# Kohler 17hp Starting Problem



## garbageman_ct (Jul 1, 2009)

Hello,

I am having a problem starting my Craftsman t1000 mower. Sometimes I get a click but the engine doesnt turn over. It has a Koohler 17hp engine. Here is what I have done so far. Rebuilt starter, adjusted valves, new solenoid, new battery.

It used to start really hard until I adjusted the valves, which worked great. It ran all last fall and most of this year without a problem. One day it wouldn't start. Battery is good and seems to charge. I can take a positive jumper cable from the battery straight to the starter and it fires right up. I have 13 amps on the battery and 13 on the front side of the solenoid. I tried jumping over the solenoid thinking that that would help and it didn't. I put my old solenoid on and that didnt work either.

I have only had the new solenoid on for 6 months could it have went bad already? How do you test them?

I am out of answers at this point. Any help would be great.

Chris


----------



## ossaguy (Dec 3, 2008)

Does the solenoid have 2 spade terminals on it,or just 1? If it's just one,the mounting plate is the ground on that style.
If there are 2,then usually the manufacturer's use that for the safety interlock,meaning if a safety switch isn't being activated that should be,it doesn't connect the 2nd terminal to ground resulting in no cranking.
So if it's a 2 terminal solenoid,1 is your 12v,the other is your remote ground.You may have a safety switch not activating,or if that unit has a interlock module,that could be the culprit.I had a Scag rider that acted that same way,and it was the interlock module.I had to rule everything else out using an ohms meter to test all the switches in the interlock system.
I also had both a Briggs and a Kohler acting sorta that way last year,and they would turn over ok if the spark plug was out,and even after adjusting the valves so that the compression release was working right,still would not work against compression.Turned out they both needed new starter motors.It's like they only had about half the torque that they needed.Worked perfect after that.Just something to double-check since you
said you rebuilt the starter.
Hope you get it solved OK.

Steve


----------



## garbageman_ct (Jul 1, 2009)

It is a two spade unit. I'll keep checking the system to see if I can find what is going on.


----------



## 30yearTech (Sep 14, 2006)

If you have two connections at the starter solenoid, the white wire should give you 12 volts when the key is in the start position and the blades are disengaged with the clutch/brake pedal depressed. Test the black wire for continuity to ground again with the brake pedal depressed and blades disengaged.

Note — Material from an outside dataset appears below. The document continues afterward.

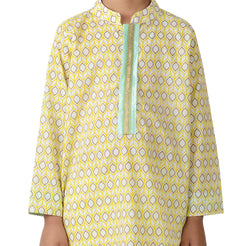 Aqua And Yellow Mosaic Boys Kurta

Post back your findings and we can advise how to proceed. 

Best of Luck...


----------



## garbageman_ct (Jul 1, 2009)

Just checked continuity to ground on the black wire and it was good. The White wire only reads 3.5 volts when the key is turned.


----------



## garbageman_ct (Jul 1, 2009)

Another thought, last time I used it the blade had a hard time disengaging until I dropped the throttle down to idle. I am wondering if there is a safety switch that is malfunctioning or the blade isnt fully disengaged. Any ideas?


----------



## Rentahusband (Aug 25, 2008)

I just worked on a Murray with the same issue. Owner did the same with a jumper. I did the same tests with a multimeter. Turns out the ground wire from the battery did not have a clean contact with the frame. Cleaned connection and it worked fine.
Dean


----------



## 30yearTech (Sep 14, 2006)

You need to trace down the safety interlock switches and test them for continuity. You should be getting 12 volts on the white wire to the starter solenoid. Find the wire coming out of the ignition switch and test the voltage when the key is in the start position. If all is good then follow the wire to the blade switch and test the voltage coming out of the switch with the blades disengaged. All good?? continue on to the clutch switch and test voltage on output side. Both switches are under the dash, you may have to remove the battery and base plate if the battery is located under the hood.

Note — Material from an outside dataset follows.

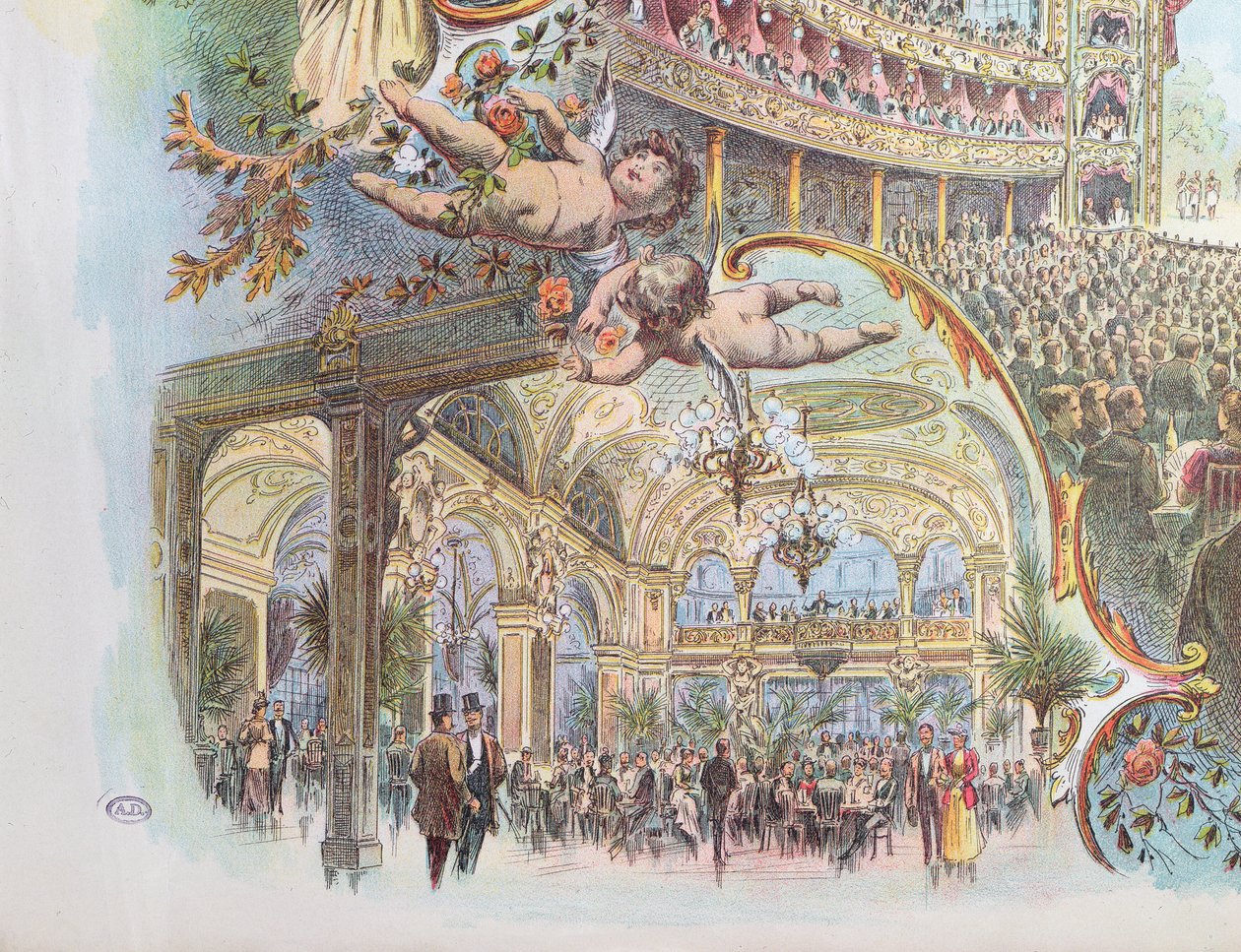 Pohledy do interiéru Somossy Orfea v Budapešti, konec 19. století od Hungarian School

Also as Dean suggested, check the battery cables at the battery and other ends for good clean tight connections.


----------



## garbageman_ct (Jul 1, 2009)

*Thanks got it running*

Thanks guys. Checked all the safety switches and they were good. Battery connections were good........except for the ground wire to the frame. It was barely noticeable but there was a thin film of rust on it. Cleaned it off and it fired right up. At least I know where all the switches are now.


----------



## Rentahusband (Aug 25, 2008)

garbageman_ct said:


> Thanks guys. Checked all the safety switches and they were good. Battery connections were good........except for the ground wire to the frame. It was barely noticeable but there was a thin film of rust on it. Cleaned it off and it fired right up. At least I know where all the switches are now.


Yep, same issue I had, there was just enough corrosion for a bad contact. Some of these electrical issues can be frustrating.
Dean


----------